Portland, ME, September 4, 2020 – SISTERED is proud to announce the opening of IN THE CLEAR, the first exhibition in a new season of events. Originally hosted at the New System building at 82 Parris St, SISTERED has now moved on to its next iteration at 525 Danforth St in Portland, ME. IN THE CLEAR opens on September 19, with a socially-distant reception from 4-7pm. The exhibition will be on view through October 31, with open hours from 2-6pm on September 26, October 10, October 25, and October 31. 

IN THE CLEAR is an exhibition of paintings by Reggie Burrows Hodges and Jordan Seaberry. The artists present us with deeply layered works that move through scenes of the everyday into personal and generational histories. These narratives share themes of oppression, truth, and power dynamics, navigated through the artists’ own memories and experiences.

As Seaberry states, “Challenging oppression is a fundamentally visual endeavor.
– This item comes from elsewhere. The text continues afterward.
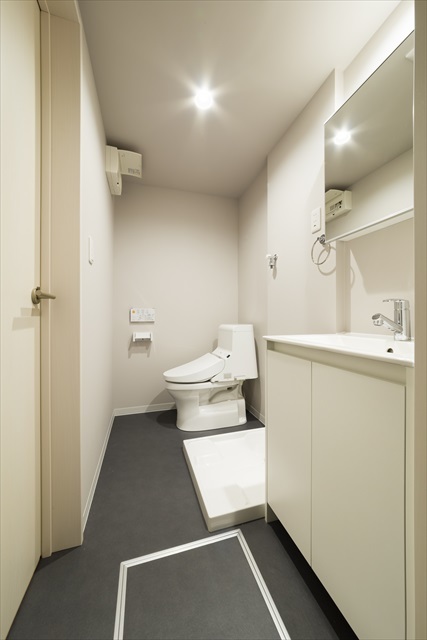 レガーロ岩槻 洗面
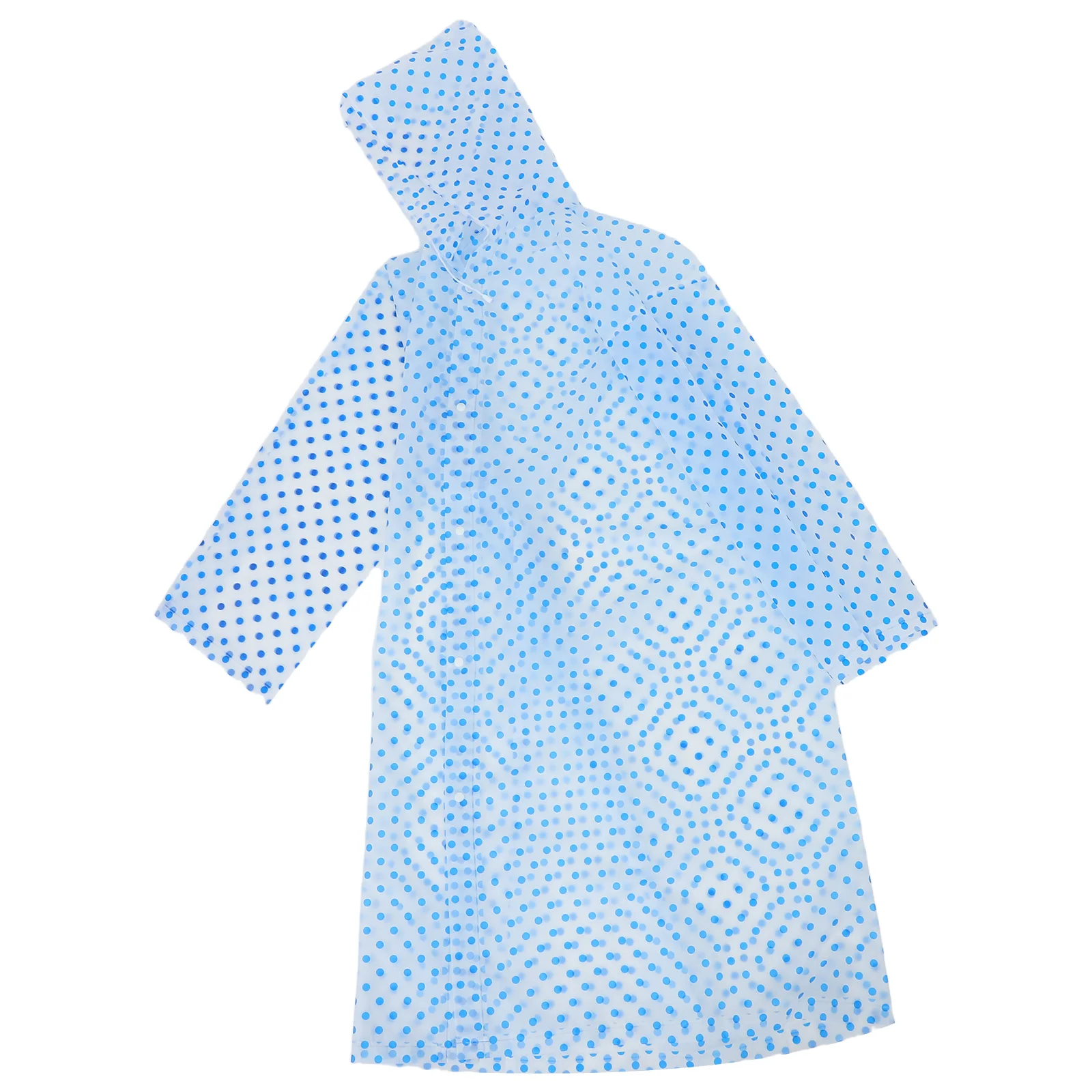 

Adult Raincoat Waterproof Transparent Rain Wear Portable Poncho for Portable Raincoat Travel Outdoor Activities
Art makes perfect sense as a weapon against it.”

Reggie Burrows Hodges is a narrative figurative painter whose work centers around visual metaphor and storytelling. He works primarily large-scale on raw canvas, raw linen, wood and rag paper with acrylic and pastel – exploring themes such as identity, truth, surveillance, elitism, sport and often childhood memories. “My practice has been inspired by the study of moments and translating the essence of them through color, figuration, abstraction, and various techniques of mark making,” Hodges says. He often pulls inspiration from invented narratives, re-telling stories as a part of legacy, concerned with cultural dialogue and representations of the everyday.
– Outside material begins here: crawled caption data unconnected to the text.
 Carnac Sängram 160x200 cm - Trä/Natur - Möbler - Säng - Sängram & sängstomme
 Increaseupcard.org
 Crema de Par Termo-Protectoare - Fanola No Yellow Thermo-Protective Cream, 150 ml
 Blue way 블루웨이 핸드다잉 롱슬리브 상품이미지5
Hodges recent solo exhibitions include Precision, Wagering and Melody at Dowling Walsh Gallery, Rockland, ME, Intersection of Color at the Press Hotel, Portland, ME, and Spot at Interloc Projects, Rockland, ME. His work was most recently included in the celebrated group exhibition (Nothing but) Flowers at Karma, NYC.

Hodges was born in Compton, California, he lives and works in Lewiston, Maine.

Jordan Seaberry has built a career as an artist and grassroots organizer. After receiving his BFA from the Rhode Island School of Design in 2014, Seaberry helped to fight and pass multiple criminal justice reform milestones, including Probation Reform, the Unshackling Pregnant Prisoners Bill, and laying the groundwork for the “Ban the Box” movement in Rhode Island.

He currently works as the Director of Public Policy and Advocacy at the Nonviolence Institute, where he previously worked as the Homicide Victim Advocate. In addition, Seaberry serves as a Board Member at New Urban Arts in Providence, and Protect Families First, working on community-oriented drug policy reform. He has received fellowships from the Rhode Island Foundation, the Art Matters Foundation, and he currently serves as the Community Leader Fellow at Roger Williams University School of Law.

Seaberry attended the Skowhegan School of Painting and Sculpture in 2015. His work has been included most recently in the Crystal Bridges Museum of American Art exhibition State of the Art 2020 and the deCordova Sculpture Park and Museum New England Biennial, 2019. Recent solo exhibitions include We Speak Upon the Ashes at Steven Zevitas Gallery, Boston, MA, Black Light/Black Heat at Steam Gallery, Lincoln School, Providence, RI and A Blacker Landscape at University of Rhode Island, Providence, RI.

Seaberry was born and raised on the Southside of Chicago, and is currently based in Providence, Rhode Island.